1 cup Nonfat Greek Yogurt

1/4 cup Low-Fat Cottage Cheese

1/3 scoop Vanilla Whey Protein Isolate

3 tablespoons Almond Flour

1 teaspoon Coconut Oil (melted)

PREPARATION

  • 1

    Preheat your oven to 350°F.

  • 2

    In a bowl, combine the nonfat Greek yogurt, low-fat cottage cheese, and vanilla whey protein isolate.
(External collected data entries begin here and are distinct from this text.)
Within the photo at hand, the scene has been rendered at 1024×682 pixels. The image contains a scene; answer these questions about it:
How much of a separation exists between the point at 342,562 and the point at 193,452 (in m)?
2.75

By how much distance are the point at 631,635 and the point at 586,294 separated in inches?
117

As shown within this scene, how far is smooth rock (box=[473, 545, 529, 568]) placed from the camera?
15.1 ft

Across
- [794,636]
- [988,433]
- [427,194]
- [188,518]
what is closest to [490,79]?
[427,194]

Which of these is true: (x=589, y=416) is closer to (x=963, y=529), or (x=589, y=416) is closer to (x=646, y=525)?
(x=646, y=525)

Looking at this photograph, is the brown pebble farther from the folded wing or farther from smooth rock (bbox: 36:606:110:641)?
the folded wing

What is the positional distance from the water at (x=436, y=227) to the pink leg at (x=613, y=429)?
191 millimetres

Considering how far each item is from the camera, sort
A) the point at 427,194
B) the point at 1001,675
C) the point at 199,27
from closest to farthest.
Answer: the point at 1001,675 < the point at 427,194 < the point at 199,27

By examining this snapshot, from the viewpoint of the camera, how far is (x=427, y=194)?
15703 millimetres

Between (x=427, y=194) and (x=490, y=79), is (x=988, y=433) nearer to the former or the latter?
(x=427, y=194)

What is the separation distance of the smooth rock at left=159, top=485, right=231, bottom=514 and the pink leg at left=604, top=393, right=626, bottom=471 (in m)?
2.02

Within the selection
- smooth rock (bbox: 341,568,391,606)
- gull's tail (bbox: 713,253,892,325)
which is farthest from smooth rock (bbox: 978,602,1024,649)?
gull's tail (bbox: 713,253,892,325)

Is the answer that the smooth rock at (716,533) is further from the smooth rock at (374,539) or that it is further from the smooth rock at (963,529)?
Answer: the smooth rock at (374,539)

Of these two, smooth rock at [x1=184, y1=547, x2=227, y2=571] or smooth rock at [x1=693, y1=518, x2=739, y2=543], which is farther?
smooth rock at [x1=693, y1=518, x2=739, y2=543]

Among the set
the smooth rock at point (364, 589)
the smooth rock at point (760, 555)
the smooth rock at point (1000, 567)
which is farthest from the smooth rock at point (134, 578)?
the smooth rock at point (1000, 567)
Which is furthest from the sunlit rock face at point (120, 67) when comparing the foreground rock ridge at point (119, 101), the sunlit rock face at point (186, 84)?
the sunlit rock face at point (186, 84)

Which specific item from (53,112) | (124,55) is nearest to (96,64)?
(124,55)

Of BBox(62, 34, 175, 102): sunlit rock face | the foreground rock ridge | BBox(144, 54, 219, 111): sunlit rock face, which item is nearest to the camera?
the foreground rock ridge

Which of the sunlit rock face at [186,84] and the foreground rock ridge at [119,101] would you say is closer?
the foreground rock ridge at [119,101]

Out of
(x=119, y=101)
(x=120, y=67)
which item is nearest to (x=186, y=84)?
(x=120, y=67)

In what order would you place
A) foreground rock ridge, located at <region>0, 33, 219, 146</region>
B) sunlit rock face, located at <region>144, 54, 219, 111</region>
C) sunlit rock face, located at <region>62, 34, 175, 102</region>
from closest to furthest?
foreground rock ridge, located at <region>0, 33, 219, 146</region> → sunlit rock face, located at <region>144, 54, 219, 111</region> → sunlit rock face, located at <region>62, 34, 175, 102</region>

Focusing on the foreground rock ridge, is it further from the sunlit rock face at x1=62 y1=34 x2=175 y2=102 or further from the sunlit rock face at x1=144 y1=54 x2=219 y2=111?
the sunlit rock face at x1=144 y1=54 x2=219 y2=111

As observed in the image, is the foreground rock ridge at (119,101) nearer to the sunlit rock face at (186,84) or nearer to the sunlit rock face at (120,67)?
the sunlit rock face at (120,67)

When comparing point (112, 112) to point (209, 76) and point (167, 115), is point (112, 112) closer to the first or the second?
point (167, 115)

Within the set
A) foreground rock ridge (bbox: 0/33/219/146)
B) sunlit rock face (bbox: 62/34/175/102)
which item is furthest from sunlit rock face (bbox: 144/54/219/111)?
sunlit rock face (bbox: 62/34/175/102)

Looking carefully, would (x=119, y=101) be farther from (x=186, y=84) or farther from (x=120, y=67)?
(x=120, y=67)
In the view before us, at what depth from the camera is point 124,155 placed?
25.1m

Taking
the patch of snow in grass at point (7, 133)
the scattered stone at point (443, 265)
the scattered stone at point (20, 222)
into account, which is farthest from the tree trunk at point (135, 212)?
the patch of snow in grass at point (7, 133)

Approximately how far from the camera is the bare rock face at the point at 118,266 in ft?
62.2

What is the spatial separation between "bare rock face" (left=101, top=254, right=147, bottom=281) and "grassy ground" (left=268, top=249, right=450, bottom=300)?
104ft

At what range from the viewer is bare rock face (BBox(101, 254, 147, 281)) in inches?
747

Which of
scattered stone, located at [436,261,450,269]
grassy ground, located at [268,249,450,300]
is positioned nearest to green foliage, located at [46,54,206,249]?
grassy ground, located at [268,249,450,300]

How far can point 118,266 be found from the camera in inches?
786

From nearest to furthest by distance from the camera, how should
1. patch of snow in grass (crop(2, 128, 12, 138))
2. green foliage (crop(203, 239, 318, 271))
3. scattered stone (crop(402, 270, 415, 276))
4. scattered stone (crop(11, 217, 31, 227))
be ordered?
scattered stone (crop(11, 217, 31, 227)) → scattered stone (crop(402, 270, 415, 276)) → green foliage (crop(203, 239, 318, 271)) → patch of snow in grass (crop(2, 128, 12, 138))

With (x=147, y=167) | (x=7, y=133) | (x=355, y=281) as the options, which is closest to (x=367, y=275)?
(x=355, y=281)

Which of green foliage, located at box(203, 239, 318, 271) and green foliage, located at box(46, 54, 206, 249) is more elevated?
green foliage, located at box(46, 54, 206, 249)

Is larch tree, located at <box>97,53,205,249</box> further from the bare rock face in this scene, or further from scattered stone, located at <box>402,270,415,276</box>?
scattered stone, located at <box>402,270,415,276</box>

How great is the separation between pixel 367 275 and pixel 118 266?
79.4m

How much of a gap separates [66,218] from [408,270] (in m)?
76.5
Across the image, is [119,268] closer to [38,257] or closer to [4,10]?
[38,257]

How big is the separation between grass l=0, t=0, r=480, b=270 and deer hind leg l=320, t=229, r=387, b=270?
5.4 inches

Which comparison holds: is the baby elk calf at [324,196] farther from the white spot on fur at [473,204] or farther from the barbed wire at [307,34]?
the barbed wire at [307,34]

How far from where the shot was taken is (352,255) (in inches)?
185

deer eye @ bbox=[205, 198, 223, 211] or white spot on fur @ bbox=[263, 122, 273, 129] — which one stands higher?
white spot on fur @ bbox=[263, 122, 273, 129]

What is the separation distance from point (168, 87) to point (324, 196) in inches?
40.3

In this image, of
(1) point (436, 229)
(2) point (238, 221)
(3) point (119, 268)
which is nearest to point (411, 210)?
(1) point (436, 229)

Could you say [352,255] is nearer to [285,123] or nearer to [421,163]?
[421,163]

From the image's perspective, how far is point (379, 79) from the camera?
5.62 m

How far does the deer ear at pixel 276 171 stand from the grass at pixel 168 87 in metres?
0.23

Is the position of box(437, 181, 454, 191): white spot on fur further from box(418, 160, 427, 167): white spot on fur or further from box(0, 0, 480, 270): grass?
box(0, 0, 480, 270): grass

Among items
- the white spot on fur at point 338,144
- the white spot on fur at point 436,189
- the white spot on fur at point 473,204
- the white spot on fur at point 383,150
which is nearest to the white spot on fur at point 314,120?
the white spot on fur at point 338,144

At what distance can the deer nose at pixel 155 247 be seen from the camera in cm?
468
Mix until smooth and well blended.

  • 3

    In a separate small bowl, stir together the almond flour and melted coconut oil to form a cohesive crust mixture.

  • 4

    Press the almond flour mixture firmly into the bottom of a small, oven-safe dish or ramekin to create an even base.

  • 5

    Pour the yogurt mixture over the crust, smoothing the top with a spatula.

  • 6

    Bake in the preheated oven for 15-18 minutes, just until the edges begin to set. The center should still have a slight jiggle.

  • 7

    Remove from the oven and allow the cheesecake to cool to room temperature before refrigerating for at least 2 hours to firm up.

  • 8

    Serve chilled and enjoy your protein-packed dessert!